The personnel expenses of EUR 225.8 mn have declined by 6.4% compared to the first nine months of the prior-year period (1-9/2013 adjusted: EUR 241.2 mn).
Amortization of intangible assets and depreciation of property, plant and equipment amount to EUR 92.4 mn (1-9/2013 adjusted: EUR 89.5 mn). This marks an increase of 3.2%. In the interim reporting period no impairment losses or reversals of impairment losses on fixed assets were recognized.
Other operating expenses in the amount of EUR 151.0 mn (1-9/2013 adjusted: EUR 169.6 mn) particularly include selling expenses and expenses for maintenance, repair and other thirdparty services. They declined by 11.0% as against the same period of the previous year.
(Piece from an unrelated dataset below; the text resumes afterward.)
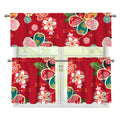 Japanese Kimono Pattern Print 3 Piece Kitchen Curtains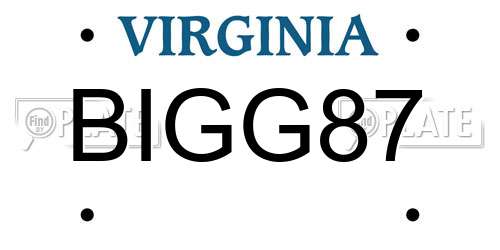 BIGG87 Virginia License Plate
Financing costs of EUR 20.0 mn (1-9/2013: EUR 20.9 mn) declined by 4.0% compared to the first nine months of 2013.
The tax rate (= income tax expense in relation to earnings before taxes/EBT) was 21.1% in the interim reporting period (1-9/2013: 27.0%).
NOTE 6
Notes on the consolidated statement of financial position, the consolidated statement of comprehensive income and the consolidated statement of changes in equity
In the interim reporting period the Lenzing Group made cash disbursements for intangible assets and property, plant and equipment of EUR 84.8 mn (1-9/2013: EUR 177.9 mn), which primarily related to the completion of new production lines or the conversion of existing ones. This corresponds to a decline of 52.4% as compared to the same period in the previous year 2013. In discontinued operations EUR 2.7 mn were invested in periods 1-9/2013.
Financial assets at EUR 23.4 mn remained virtually unchanged as against December 31, 2013 (December 31, 2013: EUR 23.2 mn).
As of September 30, 2014, inventories (EUR 362.8 mn) increased by 16.5% as against December 31, 2013 (EUR 311.5 mn). In the interim reporting period write-downs to net realizable value in the amount of EUR 1.5 mn were recognized in profit or loss.
Trade receivables at EUR 196.4 mn decreased as against December 31, 2013 (EUR 258.8 mn). As of September 30, 2014, trade receivables in the amount of EUR 63.6 mn were sold due to factoring agreements and derecognized in the consolidated statement of financial position. The amount that was not advanced of EUR 6.2 mn is presented as other current asset as of September 30, 2014. In the interim reporting period valuation allowances on receivables were recognized in profit or loss in the amount of EUR 3.1 mn.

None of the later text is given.